Huw Richards is an old-school, bond-market banker with a futuristic new role.

Inside the JPMorgan Plan to Digitize Dealmaking
Signage stands outside JP Morgan Chase & Co. headquarters in New York, U.S. (Photographer: Peter Foley/Bloomberg)

(Bloomberg) -- Huw Richards is an old-school, bond-market banker with a futuristic new role.

Reassigned in May to head digital investment banking at JPMorgan Chase & Co., he’s building out his team, seeking to add 20 to 30 people by year-end. Their mission is to find ways to use emerging technologies to make the firm’s dealmakers more competitive.

Inside the JPMorgan Plan to Digitize Dealmaking

Machines will help with key parts of underwriting stocks and bonds, according to Richards. That might mean, for example, mining data and using predictive analytics to pinpoint the best time for a corporate client to tap the debt market.

He doesn’t think technology will dramatically impact carrying out complex transactions, such as mergers and acquisitions. But machines can at least help bankers spot and analyze deal opportunities and present them to clients.

It’s part of a broad push at JPMorgan to use emerging technologies to reinvent longstanding practices on Wall Street. By 2016, the firm had figured out ways to use machine learning to parse commercial-loan agreements, shaving 360,000 hours of annual work by lawyers and loan officers. This year, it tested a debt-issuance application using blockchain to sell certificates of deposit. It’s also using Amazon Inc.’s Alexa to help investors access analyst research.

“We want to make JPMorgan information available at all times for clients,” Richards said in an interview.

His work also involves developing a technology platform for clients, known as the “corporate finance dashboard,” that was made available to many big North American companies at the start of 2016. The platform, which also offers instant messaging, presents customers with apps for investment-banking services. Or as Richards put it, a “delivery channel for whatever product innovation we have.”

Wall Street rivals including Goldman Sachs Group Inc. and Morgan Stanley are building similar platforms. Earlier this year, Goldman unveiled a dashboard that gives clients insights into their shareholders and analyzes whether activists may interfere in their business.

Richards said his team will include traditional bankers who’ve worked on initial public offerings, debt sales and takeovers. But he’s also seeking coders and data scientists.

Richards landed his new job after an off-site meeting of JPMorgan investment bankers in Miami. During the April gathering, Co-President Daniel Pinto asked attendees to explain what their businesses will look like in five to 10 years.
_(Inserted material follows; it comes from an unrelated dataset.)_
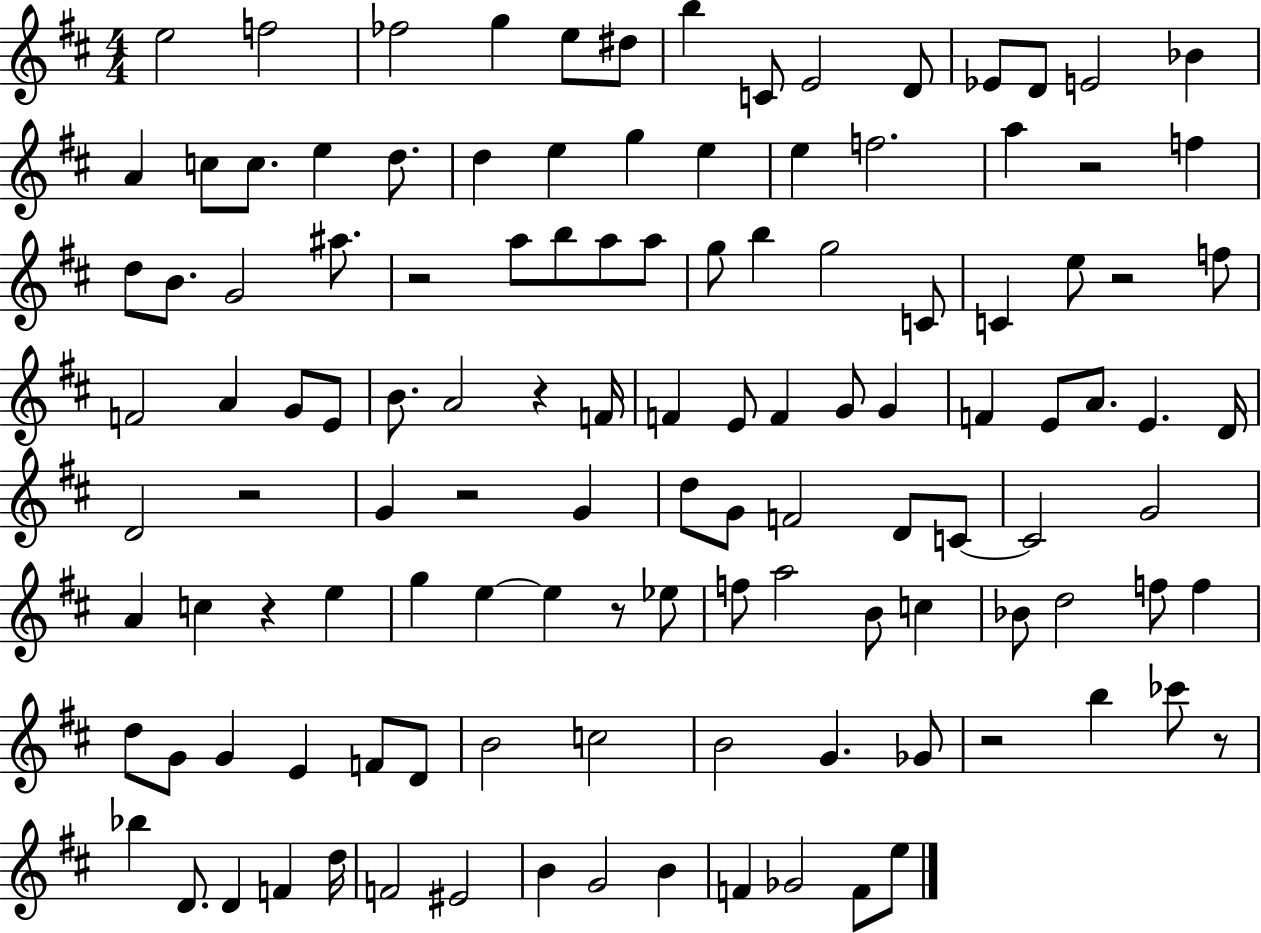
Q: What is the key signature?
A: D major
Within days, emails were flying about creating a digital investment banking group.

Richards joined the New York-based bank in 1999, and spent much of the past decade co-leading investment-grade finance, often underwriting bond offerings for blue-chip companies. He’s also on the board of H4, a tech venture that joined JPMorgan’s in-residence program, a group within the investment bank that helps innovative companies get their businesses running. H4 helps digitize documentation for deals.